DH Speaker Series: Ted Underwood on CS and the Humanities
March 10 update: Due to technical difficulties, we are not able to post the podcast of this event. Apologies for any inconvenience!
Beyond Tools: The Shared Questions about Interpretation that Link Computer Science to the Humanities
Thursday, March 6 at 10:00 am in Alderman Library, Room 421
The phrase “digital humanities” suggests an encounter with digital technology itself – which might seem to involve departments of computer science only insofar as they build tools for us to use. But as collaborations between humanists and computer scientists grow more common, it’s becoming clear that these disciplines are working on shared, surprisingly fundamental questions. For instance, computer scientists want to understand how we learn to generalize about latent categories from limited evidence, which is a good part of what humanists do when we “interpret an archive” or “develop a theory.” Instead of treating CS as a source of tools, some humanists are starting to approach the discipline as a theoretical interlocutor, analogous to linguistics or anthropology. What might this conversation look like concretely? I’ll flesh out some possibilities, briefly describing a collaboration with David Bamman at Carnegie Mellon (we’re attempting to model character in nineteenth-century novels), and reflecting more generally on the humanistic value of model-building. I’ll also acknowledge some of the social divisions that make this conversation risky.
Ted Underwood is Associate Professor of English and Liberal Arts and Sciences Centennial Scholar at the University of Illinois, Urbana-Champaign.
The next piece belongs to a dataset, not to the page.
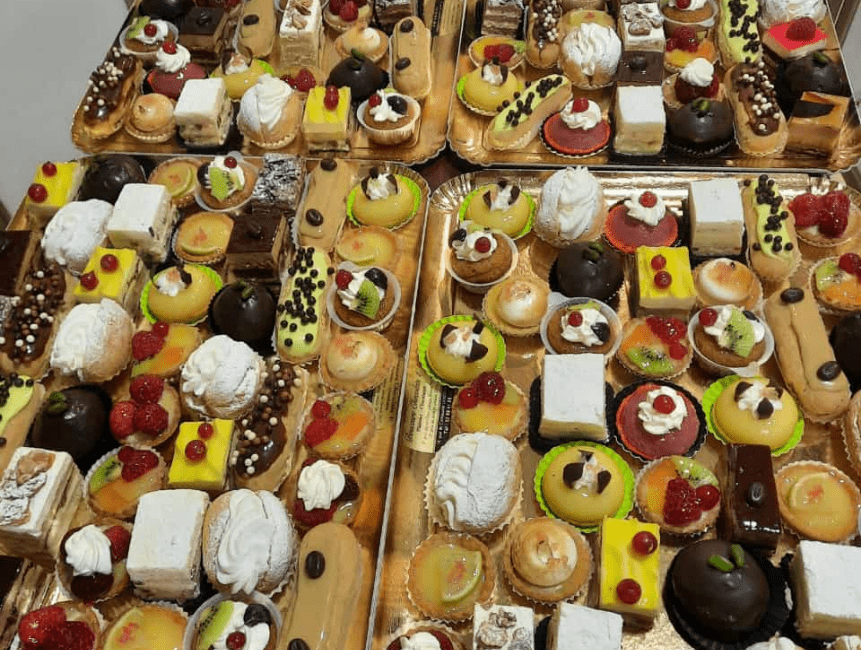 Douceurs Chocolats T Patisserie Chocolaterie A Landerneau RECEPTION Min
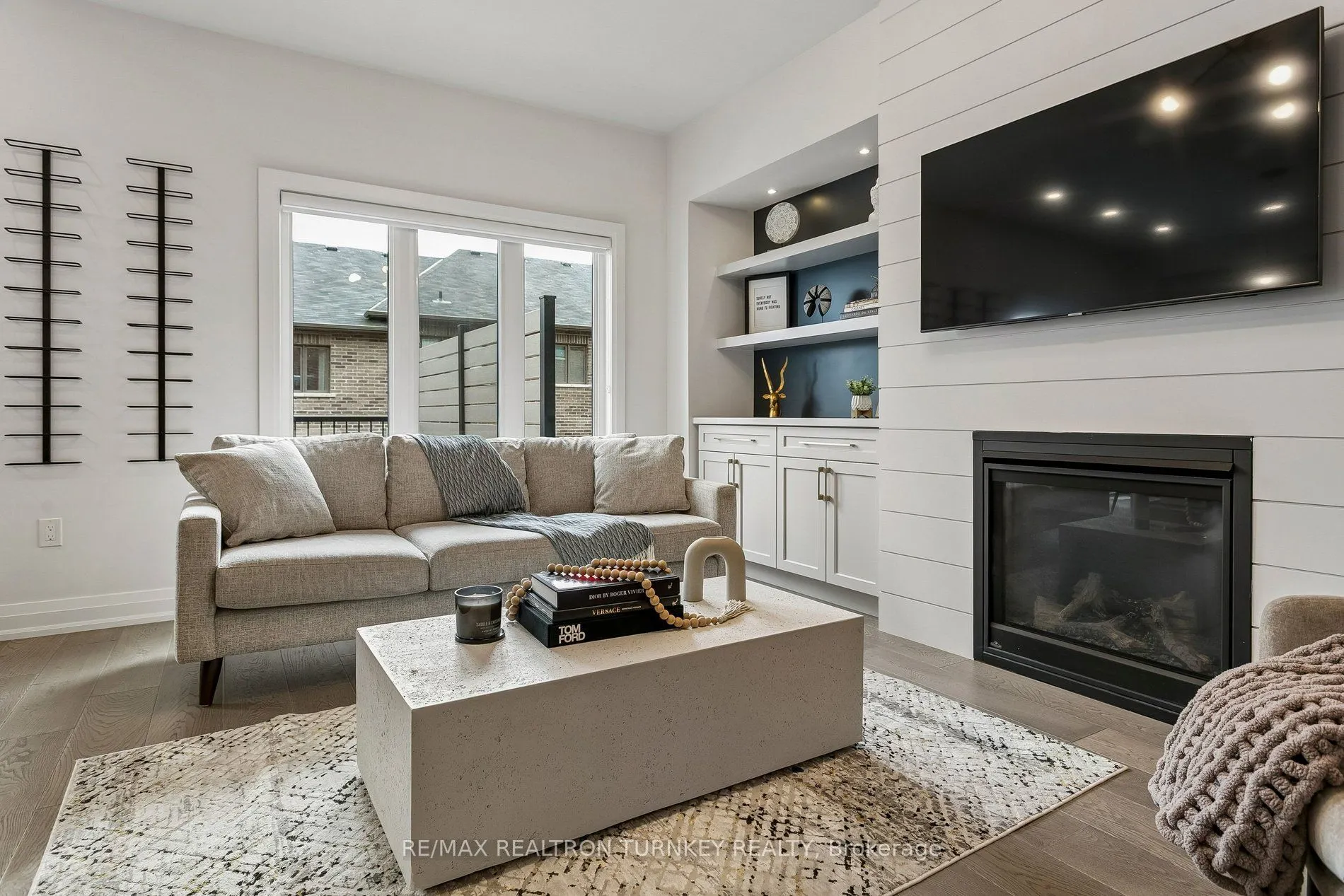 4 Gord Matthews Way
He is the author of two books on eighteenth- and nineteenth-century literary history, including Why Literary Periods Mattered (Stanford, 2013). He is currently developing models of genre in eighteenth- and nineteenth-century books, supported by a Digital Humanities Start-Up Grant from the NEH and an ACLS Digital Innovation Fellowship. A collaborative essay with Andrew Goldstone, topic-modeling the history of literary scholarship, is forthcoming in New Literary History.
All Scholars’ Lab events are free, open to the public, and require no advance registration.